A word-for-word copy of the data is what's wanted; pictures stay out of it.

[Opening Materials provided section]

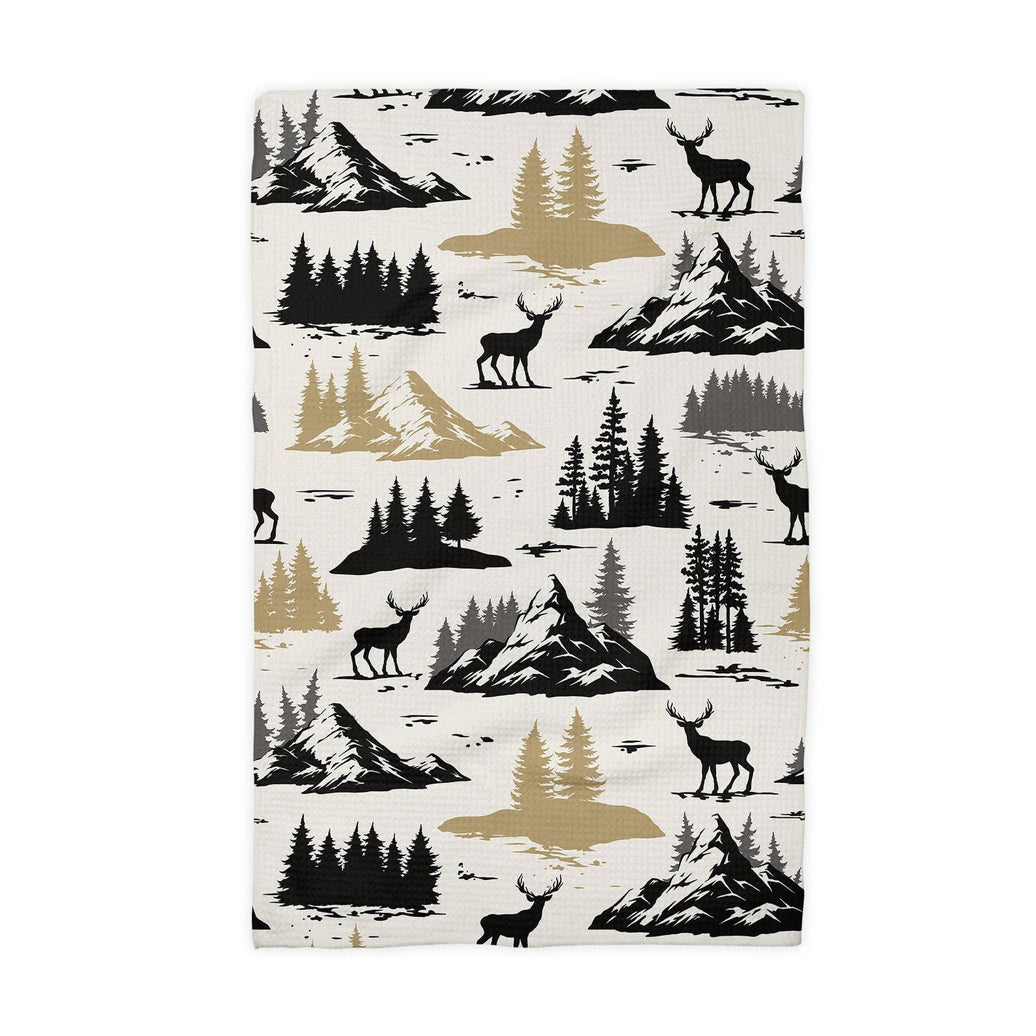 Mountain Deer Tea Towel
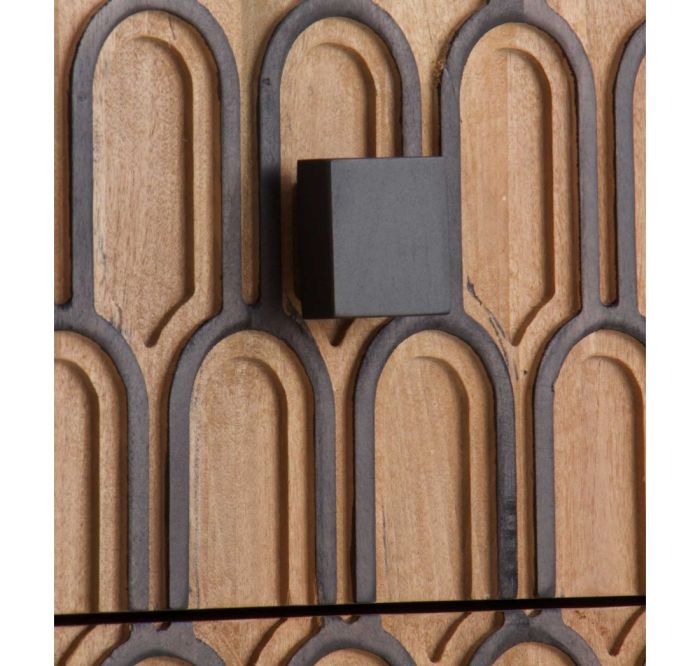 Aparador Geométrico Madera Maciza Jamun Patas Metal, 160 Cm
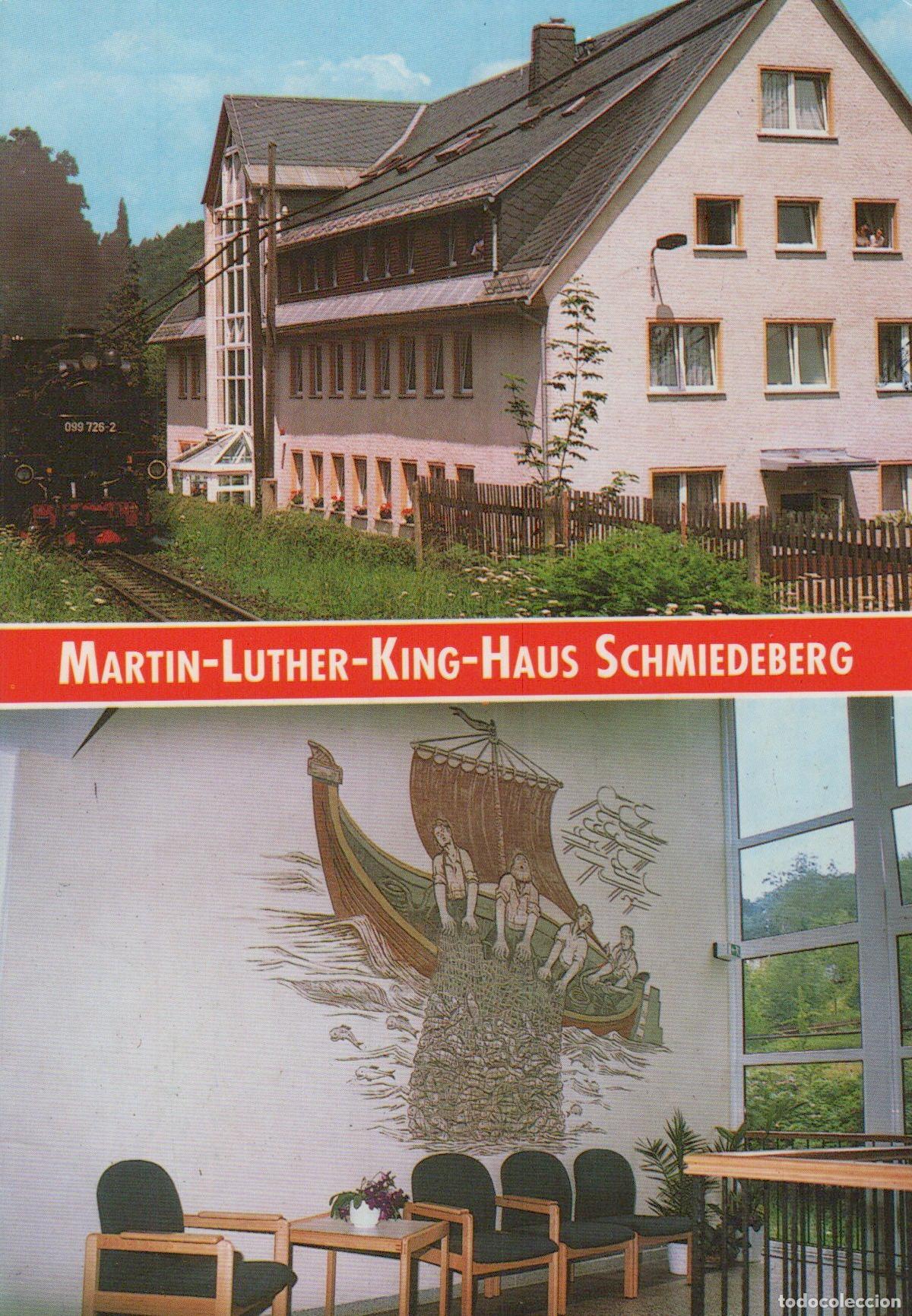 Postales: Germany Schmiedeberg Martin Luther King Haus Steam Train Interior Mural *YAS482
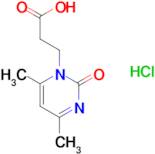 3-(4,6-dimethyl-2-oxo-1,2-dihydropyrimidin-1-yl)propanoic acid hydrochloride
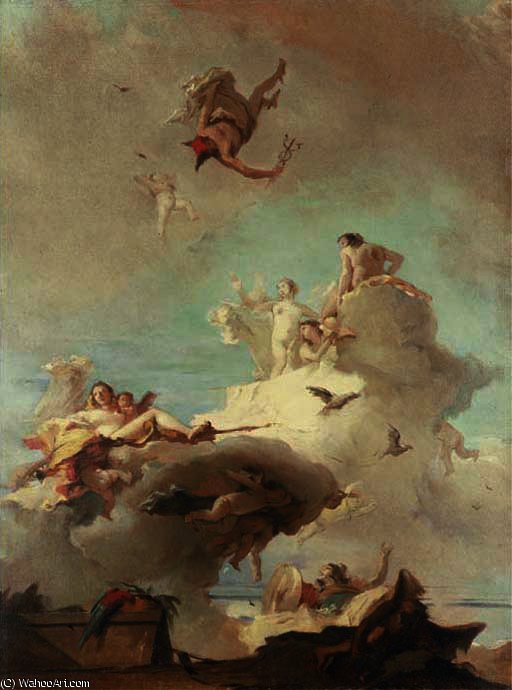Wikioo.org - The Encyclopedia of Fine Arts - Painting, Artwork by Giovanni Battista Tiepolo - The triumph of venus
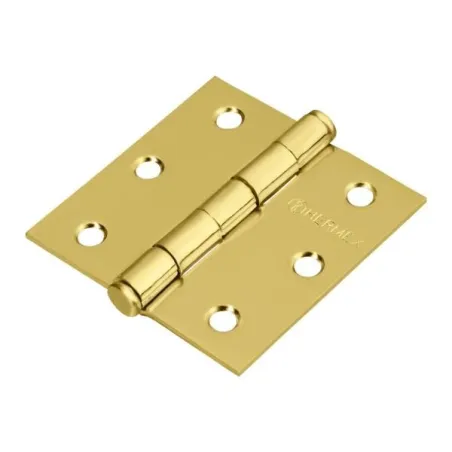  Bisagras cuadrada 2-1/2" Acero Dorado Capuchina Cplana 1.8mm Hermex 43236 2.457627 Bisagra cuadrada de acero dorado 2 1/2" Cabe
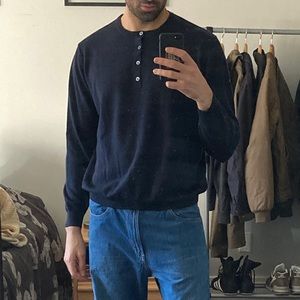 Bloomingdale’s 100% Merino Wool Long Sleeve Shirt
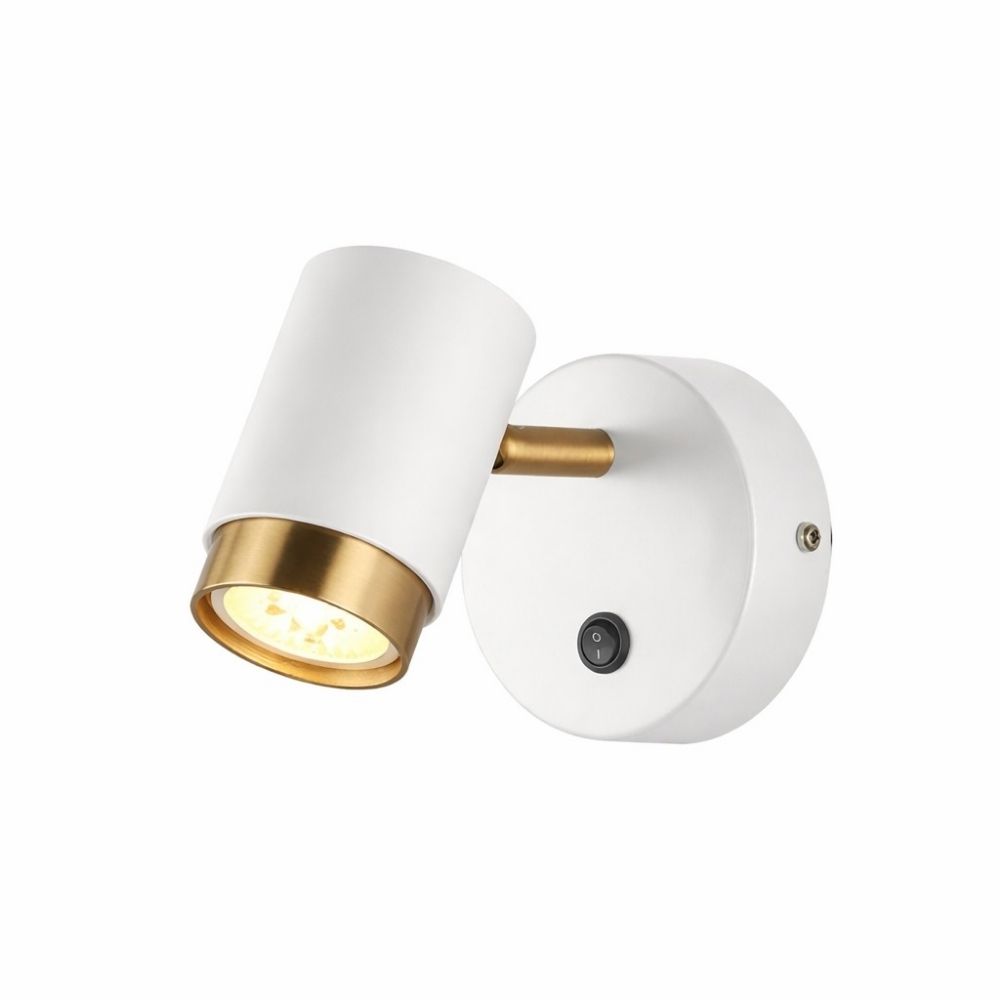 Applique spot moderne directionnel en acier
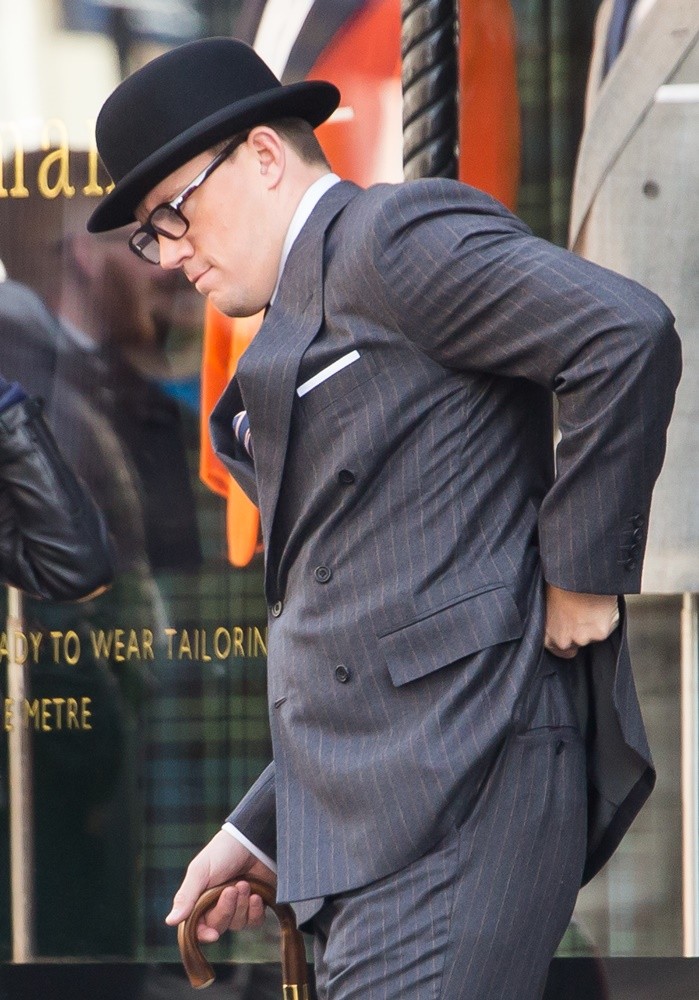 Channing Tatum;<br>Channing Tatum Films Scenes for Kingsman: The Golden Circle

[Closing Materials provided section]

(Exercise output):
 Mountain Deer Tea Towel
 Aparador Geométrico Madera Maciza Jamun Patas Metal, 160 Cm
 Postales: Germany Schmiedeberg Martin Luther King Haus Steam Train Interior Mural *YAS482
 3-(4,6-dimethyl-2-oxo-1,2-dihydropyrimidin-1-yl)propanoic acid hydrochloride
Wikioo.org - The Encyclopedia of Fine Arts - Painting, Artwork by Giovanni Battista Tiepolo - The triumph of venus
  Bisagras cuadrada 2-1/2" Acero Dorado Capuchina Cplana 1.8mm Hermex 43236 2.457627 Bisagra cuadrada de acero dorado 2 1/2" Cabe
 Bloomingdale’s 100% Merino Wool Long Sleeve Shirt
 Applique spot moderne directionnel en acier
 Channing Tatum;<br>Channing Tatum Films Scenes for Kingsman: The Golden Circle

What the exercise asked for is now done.